Botensilimab is a multifunctional Fc-enhanced anti–CTLA–4 agent that has been shown to enhance T-cell priming, expansion, and memory, as well as increase the frequency of antigen-presenting cells and deplete regulatory T cells. It was also designed to reduce complement-mediated toxicity. The PD-1 inhibitor balstilimab completely blocks PD-1 and PD-L1/PD-L2 interactions, aiming to achieve strong T-cell activation and effector function.
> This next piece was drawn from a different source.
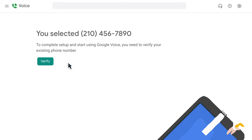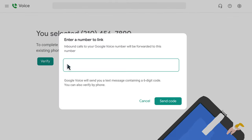You will then be prompted to verify the number you select. Once you have verified the number you would like, you will need to link a number to your voice account.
Agenus conducted a Phase Ib trial to determine whether BOT and balstilimab (BAL; anti-PD-1) could confer responses in NLM sites outside the lungs and lymph nodes. Researchers evaluated the data of 77 patients with NLM MSS CRC who received botensilimab 1 or 2 mg/kg every 6 weeks and balstilimab 3 mg/kg every 2 weeks. The study’s primary endpoints included objective response rate (ORR), disease control rate (DCR), duration of response (DOR), and overall survival (OS). The results presented at ASCO 2024 were as follows:

Efficacy outcomes by sites of metastatic disease in patients with NLM MSS mCRC across different NLM sites:

• Response rates ranged from 18-33%

• Disease control rate ranged from 67-82%

• Median OS remained consistent and ranged from 20.7 months to not reached (NR)

Safety overview:

• No new safety signals

• Safety in CRC consistent across tumor types in the study

• No treatment-related deaths

KOL insights

“For MSS CRC, botensilimab and balstilimab are differentiated from previous I-O combinations by producing deep and durable responses even in difficult-to-treat metastatic sites” – Expert Opinion.
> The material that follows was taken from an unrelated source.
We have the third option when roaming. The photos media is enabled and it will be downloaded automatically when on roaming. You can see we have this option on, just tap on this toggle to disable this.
“The data underscore the potential of the botensilimab/balstilimab combination as an important treatment option for patients with non-MSI-H CRC”– Expert Opinion.

Conclusion

To conclude, responses to novel immunotherapy (I0) combinations in MSS mCRC have typically been restricted to non-liver metastatic (NLM) populations. Within this subgroup, responses outside of metastatic sites such as the lungs and lymph nodes are rare. However, the trial demonstrated that in patients with NLM MSS mCRC, response rates were comparable across different sites of metastatic disease, including historically poor prognostic sites such as the peritoneum, soft tissue, pleura, and brain. A global randomized Phase II trial of BOT + BAL (versus standard of care) in MSS mCRC is fully enrolled (NCT05608044) and a global Phase III trial is planned.